▶ **REQUIRED ACTION**
Down to the last line, set the entries down again exactly.

(MATERIALS PROVIDED)

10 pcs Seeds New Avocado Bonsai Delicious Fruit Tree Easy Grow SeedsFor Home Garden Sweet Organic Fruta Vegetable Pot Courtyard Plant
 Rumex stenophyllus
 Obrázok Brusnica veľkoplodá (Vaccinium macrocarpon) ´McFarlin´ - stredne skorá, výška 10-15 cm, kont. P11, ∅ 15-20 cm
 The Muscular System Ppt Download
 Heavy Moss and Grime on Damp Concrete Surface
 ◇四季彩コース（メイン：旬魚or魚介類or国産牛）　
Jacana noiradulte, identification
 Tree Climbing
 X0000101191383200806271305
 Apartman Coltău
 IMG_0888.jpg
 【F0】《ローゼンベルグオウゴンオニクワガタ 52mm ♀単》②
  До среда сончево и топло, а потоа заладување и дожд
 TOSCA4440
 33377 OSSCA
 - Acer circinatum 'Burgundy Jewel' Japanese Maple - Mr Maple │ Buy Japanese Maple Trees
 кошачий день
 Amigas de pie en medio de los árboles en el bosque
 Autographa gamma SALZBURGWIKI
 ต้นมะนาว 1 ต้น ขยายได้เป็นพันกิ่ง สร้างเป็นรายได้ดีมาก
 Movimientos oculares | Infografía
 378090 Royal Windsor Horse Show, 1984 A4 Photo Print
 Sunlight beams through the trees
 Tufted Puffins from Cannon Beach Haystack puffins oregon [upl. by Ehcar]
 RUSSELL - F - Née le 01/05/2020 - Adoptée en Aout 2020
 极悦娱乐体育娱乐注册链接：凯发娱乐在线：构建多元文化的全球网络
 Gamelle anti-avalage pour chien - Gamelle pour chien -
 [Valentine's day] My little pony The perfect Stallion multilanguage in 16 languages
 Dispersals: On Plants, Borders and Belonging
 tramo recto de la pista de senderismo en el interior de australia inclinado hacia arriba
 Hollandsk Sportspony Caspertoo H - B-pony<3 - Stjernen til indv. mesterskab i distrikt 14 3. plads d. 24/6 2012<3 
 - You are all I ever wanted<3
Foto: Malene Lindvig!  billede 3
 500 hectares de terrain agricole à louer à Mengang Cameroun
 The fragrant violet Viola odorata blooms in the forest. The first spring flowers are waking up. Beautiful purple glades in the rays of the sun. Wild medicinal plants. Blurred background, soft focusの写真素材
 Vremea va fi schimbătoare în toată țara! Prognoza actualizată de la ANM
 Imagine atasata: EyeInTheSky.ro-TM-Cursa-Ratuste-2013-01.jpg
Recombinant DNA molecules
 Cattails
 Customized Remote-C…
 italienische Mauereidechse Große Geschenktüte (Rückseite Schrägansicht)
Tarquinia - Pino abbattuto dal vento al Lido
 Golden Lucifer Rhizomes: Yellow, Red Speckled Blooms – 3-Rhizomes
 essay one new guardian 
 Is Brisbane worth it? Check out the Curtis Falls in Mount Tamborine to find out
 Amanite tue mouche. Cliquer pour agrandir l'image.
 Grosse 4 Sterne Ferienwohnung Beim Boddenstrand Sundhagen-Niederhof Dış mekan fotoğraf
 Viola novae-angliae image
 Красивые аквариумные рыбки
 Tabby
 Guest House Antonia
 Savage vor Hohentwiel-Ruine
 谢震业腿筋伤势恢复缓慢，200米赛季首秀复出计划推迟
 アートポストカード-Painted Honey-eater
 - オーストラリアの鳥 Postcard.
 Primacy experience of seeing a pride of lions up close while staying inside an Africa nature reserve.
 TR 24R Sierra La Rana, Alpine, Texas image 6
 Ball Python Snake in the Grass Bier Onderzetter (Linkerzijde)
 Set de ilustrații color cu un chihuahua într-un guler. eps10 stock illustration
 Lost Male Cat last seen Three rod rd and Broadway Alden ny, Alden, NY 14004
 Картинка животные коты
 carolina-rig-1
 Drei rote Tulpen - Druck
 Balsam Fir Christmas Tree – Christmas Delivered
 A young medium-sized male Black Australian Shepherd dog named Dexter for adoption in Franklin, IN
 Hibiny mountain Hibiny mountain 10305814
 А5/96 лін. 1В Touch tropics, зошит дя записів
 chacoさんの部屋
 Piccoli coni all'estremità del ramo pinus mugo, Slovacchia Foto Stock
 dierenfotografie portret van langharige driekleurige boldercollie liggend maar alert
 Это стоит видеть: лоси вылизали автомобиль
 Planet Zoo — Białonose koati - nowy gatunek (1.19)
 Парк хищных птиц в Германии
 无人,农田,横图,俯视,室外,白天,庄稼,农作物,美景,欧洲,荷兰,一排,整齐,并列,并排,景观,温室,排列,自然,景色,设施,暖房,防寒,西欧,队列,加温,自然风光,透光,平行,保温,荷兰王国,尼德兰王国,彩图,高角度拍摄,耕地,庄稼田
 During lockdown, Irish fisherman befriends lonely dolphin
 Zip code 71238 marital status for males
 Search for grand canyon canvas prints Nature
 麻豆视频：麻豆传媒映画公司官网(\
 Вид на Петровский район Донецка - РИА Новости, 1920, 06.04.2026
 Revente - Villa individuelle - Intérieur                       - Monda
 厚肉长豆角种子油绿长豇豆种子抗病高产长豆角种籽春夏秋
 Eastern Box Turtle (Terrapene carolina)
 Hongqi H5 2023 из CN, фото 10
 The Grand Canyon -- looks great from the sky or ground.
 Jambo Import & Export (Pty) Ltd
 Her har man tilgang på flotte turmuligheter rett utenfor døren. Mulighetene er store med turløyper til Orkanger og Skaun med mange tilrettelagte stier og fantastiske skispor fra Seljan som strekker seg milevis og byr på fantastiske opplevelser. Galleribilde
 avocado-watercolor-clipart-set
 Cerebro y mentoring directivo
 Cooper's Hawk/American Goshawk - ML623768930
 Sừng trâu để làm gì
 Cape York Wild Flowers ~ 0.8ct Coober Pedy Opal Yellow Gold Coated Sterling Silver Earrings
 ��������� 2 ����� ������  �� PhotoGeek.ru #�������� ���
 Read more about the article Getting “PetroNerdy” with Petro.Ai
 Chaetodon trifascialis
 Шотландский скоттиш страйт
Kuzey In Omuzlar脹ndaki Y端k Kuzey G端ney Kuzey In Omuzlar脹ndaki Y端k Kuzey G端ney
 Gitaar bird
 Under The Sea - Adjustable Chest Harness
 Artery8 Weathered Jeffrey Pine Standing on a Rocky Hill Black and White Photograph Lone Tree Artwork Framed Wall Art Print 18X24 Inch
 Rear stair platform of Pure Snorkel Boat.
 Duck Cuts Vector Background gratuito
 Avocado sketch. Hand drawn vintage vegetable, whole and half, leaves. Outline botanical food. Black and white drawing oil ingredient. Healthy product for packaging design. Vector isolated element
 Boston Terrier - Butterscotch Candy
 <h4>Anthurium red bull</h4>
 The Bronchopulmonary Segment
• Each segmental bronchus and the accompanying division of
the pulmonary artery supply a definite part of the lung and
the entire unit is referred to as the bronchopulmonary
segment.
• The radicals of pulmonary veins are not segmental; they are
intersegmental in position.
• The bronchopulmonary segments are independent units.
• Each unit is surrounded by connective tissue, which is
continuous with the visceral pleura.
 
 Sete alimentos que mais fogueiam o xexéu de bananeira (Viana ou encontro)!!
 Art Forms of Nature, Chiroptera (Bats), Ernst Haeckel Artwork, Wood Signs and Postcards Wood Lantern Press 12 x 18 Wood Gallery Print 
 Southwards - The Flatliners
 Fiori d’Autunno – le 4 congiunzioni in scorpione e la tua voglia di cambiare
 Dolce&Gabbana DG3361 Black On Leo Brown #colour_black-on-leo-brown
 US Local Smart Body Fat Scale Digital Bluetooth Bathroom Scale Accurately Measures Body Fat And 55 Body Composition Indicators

(End MATERIALS PROVIDED)

▶ **WORKED SOLUTION**
10 pcs Seeds New Avocado Bonsai Delicious Fruit Tree Easy Grow SeedsFor Home Garden Sweet Organic Fruta Vegetable Pot Courtyard Plant
 Rumex stenophyllus
 Obrázok Brusnica veľkoplodá (Vaccinium macrocarpon) ´McFarlin´ - stredne skorá, výška 10-15 cm, kont. P11, ∅ 15-20 cm
 The Muscular System Ppt Download
 Heavy Moss and Grime on Damp Concrete Surface
 ◇四季彩コース（メイン：旬魚or魚介類or国産牛）　
Jacana noiradulte, identification
 Tree Climbing
 X0000101191383200806271305
 Apartman Coltău
 IMG_0888.jpg
 【F0】《ローゼンベルグオウゴンオニクワガタ 52mm ♀単》②
  До среда сончево и топло, а потоа заладување и дожд
 TOSCA4440
 33377 OSSCA
 - Acer circinatum 'Burgundy Jewel' Japanese Maple - Mr Maple │ Buy Japanese Maple Trees
 кошачий день
 Amigas de pie en medio de los árboles en el bosque
 Autographa gamma SALZBURGWIKI
 ต้นมะนาว 1 ต้น ขยายได้เป็นพันกิ่ง สร้างเป็นรายได้ดีมาก
 Movimientos oculares | Infografía
 378090 Royal Windsor Horse Show, 1984 A4 Photo Print
 Sunlight beams through the trees
 Tufted Puffins from Cannon Beach Haystack puffins oregon [upl. by Ehcar]
 RUSSELL - F - Née le 01/05/2020 - Adoptée en Aout 2020
 极悦娱乐体育娱乐注册链接：凯发娱乐在线：构建多元文化的全球网络
 Gamelle anti-avalage pour chien - Gamelle pour chien -
 [Valentine's day] My little pony The perfect Stallion multilanguage in 16 languages
 Dispersals: On Plants, Borders and Belonging
 tramo recto de la pista de senderismo en el interior de australia inclinado hacia arriba
 Hollandsk Sportspony Caspertoo H - B-pony<3 - Stjernen til indv. mesterskab i distrikt 14 3. plads d. 24/6 2012<3 
 - You are all I ever wanted<3
Foto: Malene Lindvig!  billede 3
 500 hectares de terrain agricole à louer à Mengang Cameroun
 The fragrant violet Viola odorata blooms in the forest. The first spring flowers are waking up. Beautiful purple glades in the rays of the sun. Wild medicinal plants. Blurred background, soft focusの写真素材
 Vremea va fi schimbătoare în toată țara! Prognoza actualizată de la ANM
 Imagine atasata: EyeInTheSky.ro-TM-Cursa-Ratuste-2013-01.jpg
Recombinant DNA molecules
 Cattails
 Customized Remote-C…
 italienische Mauereidechse Große Geschenktüte (Rückseite Schrägansicht)
Tarquinia - Pino abbattuto dal vento al Lido
 Golden Lucifer Rhizomes: Yellow, Red Speckled Blooms – 3-Rhizomes
 essay one new guardian 
 Is Brisbane worth it? Check out the Curtis Falls in Mount Tamborine to find out
 Amanite tue mouche. Cliquer pour agrandir l'image.
 Grosse 4 Sterne Ferienwohnung Beim Boddenstrand Sundhagen-Niederhof Dış mekan fotoğraf
 Viola novae-angliae image
 Красивые аквариумные рыбки
 Tabby
 Guest House Antonia
 Savage vor Hohentwiel-Ruine
 谢震业腿筋伤势恢复缓慢，200米赛季首秀复出计划推迟
 アートポストカード-Painted Honey-eater
 - オーストラリアの鳥 Postcard.
 Primacy experience of seeing a pride of lions up close while staying inside an Africa nature reserve.
 TR 24R Sierra La Rana, Alpine, Texas image 6
 Ball Python Snake in the Grass Bier Onderzetter (Linkerzijde)
 Set de ilustrații color cu un chihuahua într-un guler. eps10 stock illustration
 Lost Male Cat last seen Three rod rd and Broadway Alden ny, Alden, NY 14004
 Картинка животные коты
 carolina-rig-1
 Drei rote Tulpen - Druck
 Balsam Fir Christmas Tree – Christmas Delivered
 A young medium-sized male Black Australian Shepherd dog named Dexter for adoption in Franklin, IN
 Hibiny mountain Hibiny mountain 10305814
 А5/96 лін. 1В Touch tropics, зошит дя записів
 chacoさんの部屋
 Piccoli coni all'estremità del ramo pinus mugo, Slovacchia Foto Stock
 dierenfotografie portret van langharige driekleurige boldercollie liggend maar alert
 Это стоит видеть: лоси вылизали автомобиль
 Planet Zoo — Białonose koati - nowy gatunek (1.19)
 Парк хищных птиц в Германии
 无人,农田,横图,俯视,室外,白天,庄稼,农作物,美景,欧洲,荷兰,一排,整齐,并列,并排,景观,温室,排列,自然,景色,设施,暖房,防寒,西欧,队列,加温,自然风光,透光,平行,保温,荷兰王国,尼德兰王国,彩图,高角度拍摄,耕地,庄稼田
 During lockdown, Irish fisherman befriends lonely dolphin
 Zip code 71238 marital status for males
 Search for grand canyon canvas prints Nature
 麻豆视频：麻豆传媒映画公司官网(\
 Вид на Петровский район Донецка - РИА Новости, 1920, 06.04.2026
 Revente - Villa individuelle - Intérieur                       - Monda
 厚肉长豆角种子油绿长豇豆种子抗病高产长豆角种籽春夏秋
 Eastern Box Turtle (Terrapene carolina)
 Hongqi H5 2023 из CN, фото 10
 The Grand Canyon -- looks great from the sky or ground.
 Jambo Import & Export (Pty) Ltd
 Her har man tilgang på flotte turmuligheter rett utenfor døren. Mulighetene er store med turløyper til Orkanger og Skaun med mange tilrettelagte stier og fantastiske skispor fra Seljan som strekker seg milevis og byr på fantastiske opplevelser. Galleribilde
 avocado-watercolor-clipart-set
 Cerebro y mentoring directivo
 Cooper's Hawk/American Goshawk - ML623768930
 Sừng trâu để làm gì
 Cape York Wild Flowers ~ 0.8ct Coober Pedy Opal Yellow Gold Coated Sterling Silver Earrings
 ��������� 2 ����� ������  �� PhotoGeek.ru #�������� ���
 Read more about the article Getting “PetroNerdy” with Petro.Ai
 Chaetodon trifascialis
 Шотландский скоттиш страйт
Kuzey In Omuzlar脹ndaki Y端k Kuzey G端ney Kuzey In Omuzlar脹ndaki Y端k Kuzey G端ney
 Gitaar bird
 Under The Sea - Adjustable Chest Harness
 Artery8 Weathered Jeffrey Pine Standing on a Rocky Hill Black and White Photograph Lone Tree Artwork Framed Wall Art Print 18X24 Inch
 Rear stair platform of Pure Snorkel Boat.
 Duck Cuts Vector Background gratuito
 Avocado sketch. Hand drawn vintage vegetable, whole and half, leaves. Outline botanical food. Black and white drawing oil ingredient. Healthy product for packaging design. Vector isolated element
 Boston Terrier - Butterscotch Candy
 <h4>Anthurium red bull</h4>
 The Bronchopulmonary Segment
• Each segmental bronchus and the accompanying division of
the pulmonary artery supply a definite part of the lung and
the entire unit is referred to as the bronchopulmonary
segment.
• The radicals of pulmonary veins are not segmental; they are
intersegmental in position.
• The bronchopulmonary segments are independent units.
• Each unit is surrounded by connective tissue, which is
continuous with the visceral pleura.
 
 Sete alimentos que mais fogueiam o xexéu de bananeira (Viana ou encontro)!!
 Art Forms of Nature, Chiroptera (Bats), Ernst Haeckel Artwork, Wood Signs and Postcards Wood Lantern Press 12 x 18 Wood Gallery Print 
 Southwards - The Flatliners
 Fiori d’Autunno – le 4 congiunzioni in scorpione e la tua voglia di cambiare
 Dolce&Gabbana DG3361 Black On Leo Brown #colour_black-on-leo-brown
 US Local Smart Body Fat Scale Digital Bluetooth Bathroom Scale Accurately Measures Body Fat And 55 Body Composition Indicators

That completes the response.